I rise today to speak in favour of the second reading amendment to the Corporations Amendment (Corporate Insolvency Reforms) Bill 2020 and the proposed substantive amendments which the member for Whitlam referred to during his earlier contribution.

As the member for Whitlam and the member for Rankin both indicated, we support the key measures contained in this bill in principle. But for a number of reasons, including those referenced in speeches given by those opposite, including the member for Curtin and the member for Higgins, about the importance of these reforms we believe that it's appropriate that there be a statutory review included in the bill. We also believe that it's appropriate that there be a sunset clause.

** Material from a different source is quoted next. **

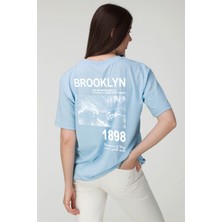 Unisex Bebe Mavisi Brooklyn 1898 Baskılı Oversize T-Shirt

Before commenting on the provisions in this bill and our approach to it, I just want to set out very briefly the fact that this bill has three main elements. Firstly, there is the new debt-restructuring process for eligible small companies which allows company directors a stronger role in the process. Secondly, there is a simplified liquidation process for voluntary winding up of insolvent companies and, thirdly, there is an expanded set of situations where documents related to administration can be provided and signed electronically.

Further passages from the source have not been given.